### The task
Set down each line of the data exactly, but not the pictures.

### Stored data
- - - -

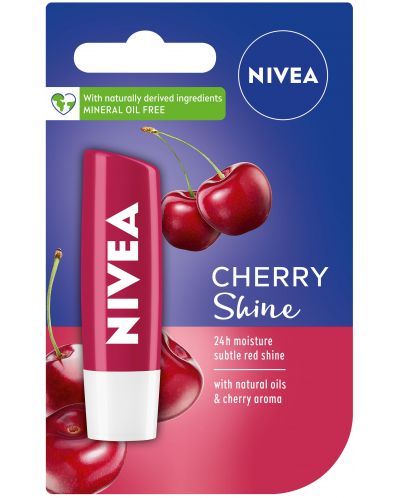 Nivea Балсам за устни Cherry Shine, 4.8 g - 1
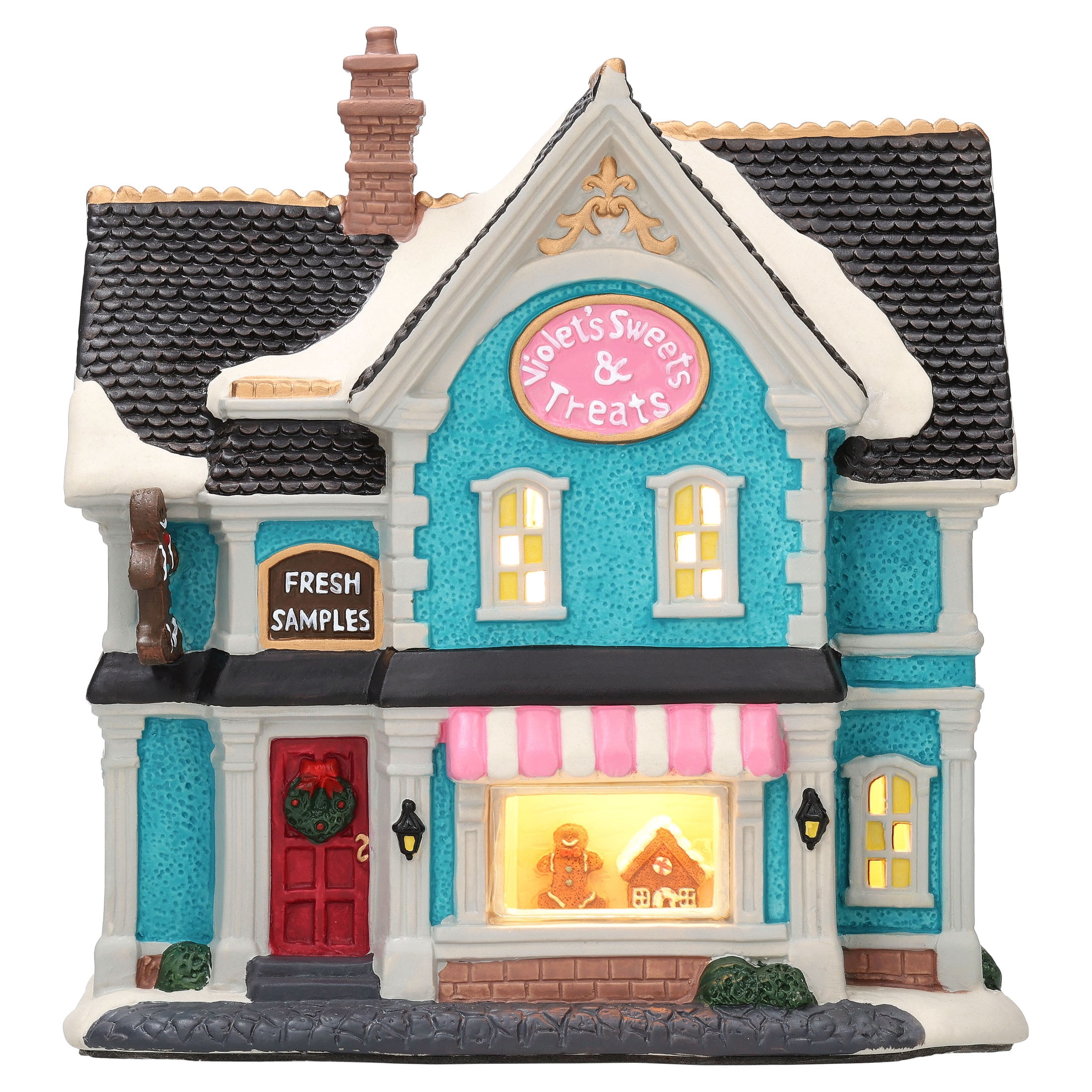 Light-Up Porcelain Candy House Christmas Village Building, Multicolor, 8.25", by Holiday Time
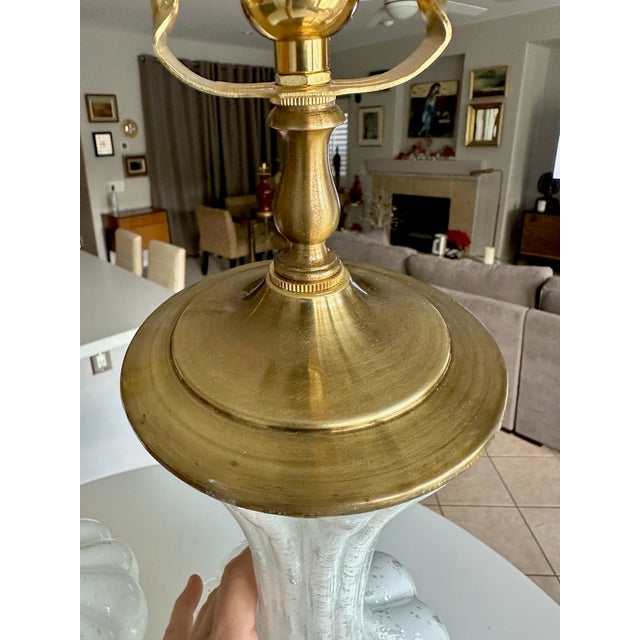 Pair Murano White and Silver Inclusions Glass Table Lamps For Sale - Image 12 of 16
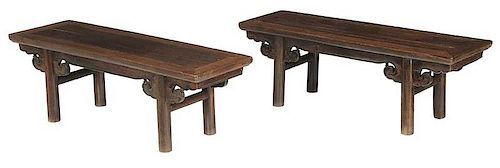 A Pair Chinese Hardwood Low Tables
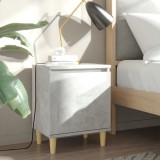 vidaXL Noptiere cu picioare lemn masiv, 2 buc., gri beton, 40x30x50 cm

- - - -

### Written solution
 Nivea Балсам за устни Cherry Shine, 4.8 g - 1
 Light-Up Porcelain Candy House Christmas Village Building, Multicolor, 8.25", by Holiday Time
 Pair Murano White and Silver Inclusions Glass Table Lamps For Sale - Image 12 of 16
 A Pair Chinese Hardwood Low Tables
 vidaXL Noptiere cu picioare lemn masiv, 2 buc., gri beton, 40x30x50 cm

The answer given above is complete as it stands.